Written by Sweta Mahajan
Published on 16th January 2026
Paper: ECCV Proceedings | Software: GitHub | Keywords: CV, concept bottleneck models
Abstract: We propose a novel Concept Bottleneck Model (CBM) approach called Discover-then-Name-CBM (DN-CBM) that inverts the typical paradigm of first defining the concepts, then learning them. Instead, we use sparse autoencoders to discover concepts that have been learnt by the model, and then name them accordingly. Our concept extraction strategy is efficient, since it is agnostic to the downstream task, and uses concepts already known to the model; overall resulting in performant and interpretable CBMs.

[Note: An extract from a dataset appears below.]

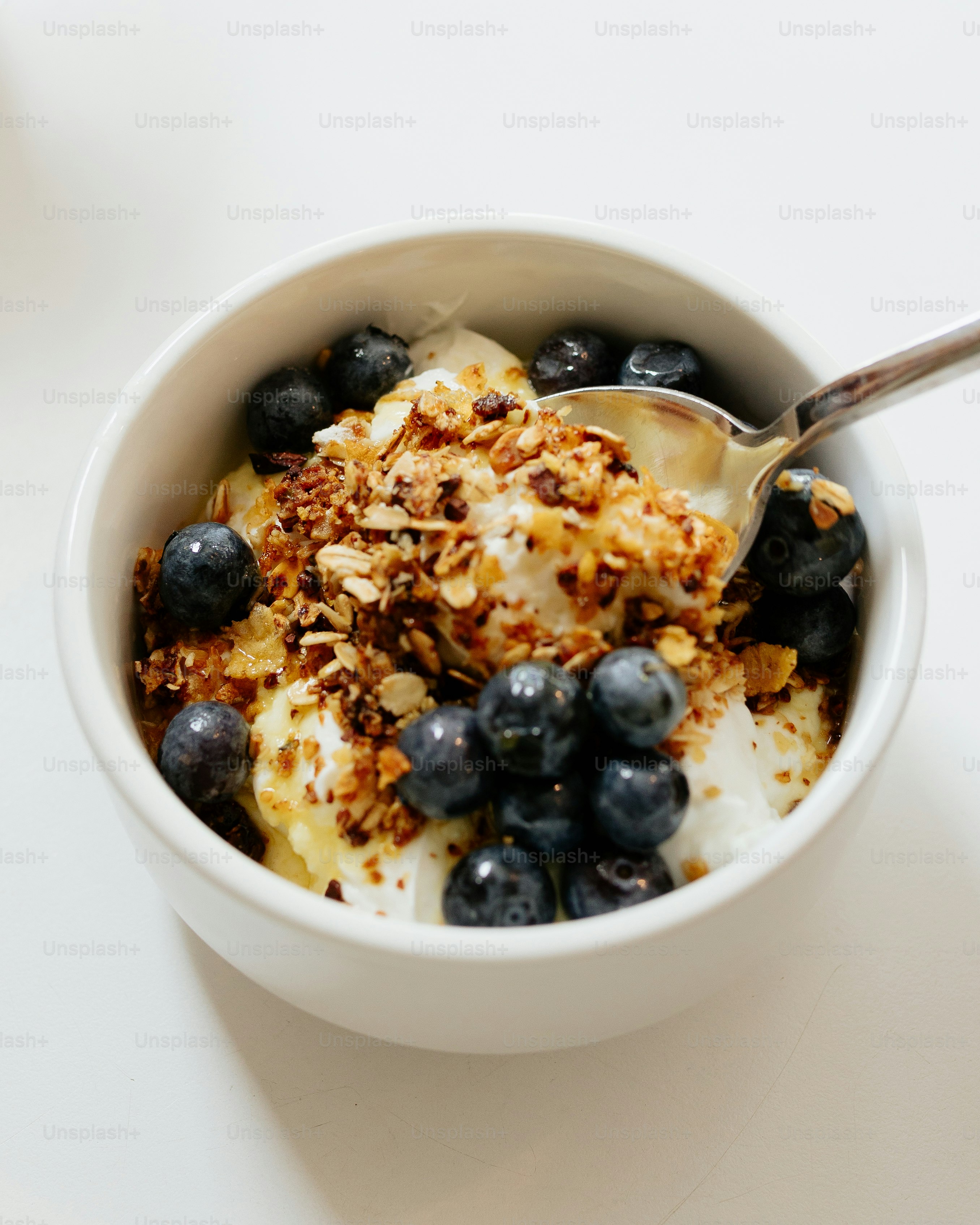 a bowl of yogurt with blueberries and granola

Deep neural networks are powerful but lack transparency, posing risks in safety-critical applications. Concept Bottleneck Models (CBMs1 2 3) are a type of framework which enhances model interpretability by making model decisions transparent. These models map the image features of a neural network to a set of human understandable concepts, which are then typically combined in a linear classifier to give the model prediction.
In this work, we use the CBM framework to probe the concepts learned by CLIP and furthermore, express the CLIP predictions as a combination of human understandable concepts. CLIP (Contrastive Language-Image Pretraining) models use paired image and text to learn a vision-language aligned space by pulling together corresponding image-text pairs and pushing away other image-text pairs.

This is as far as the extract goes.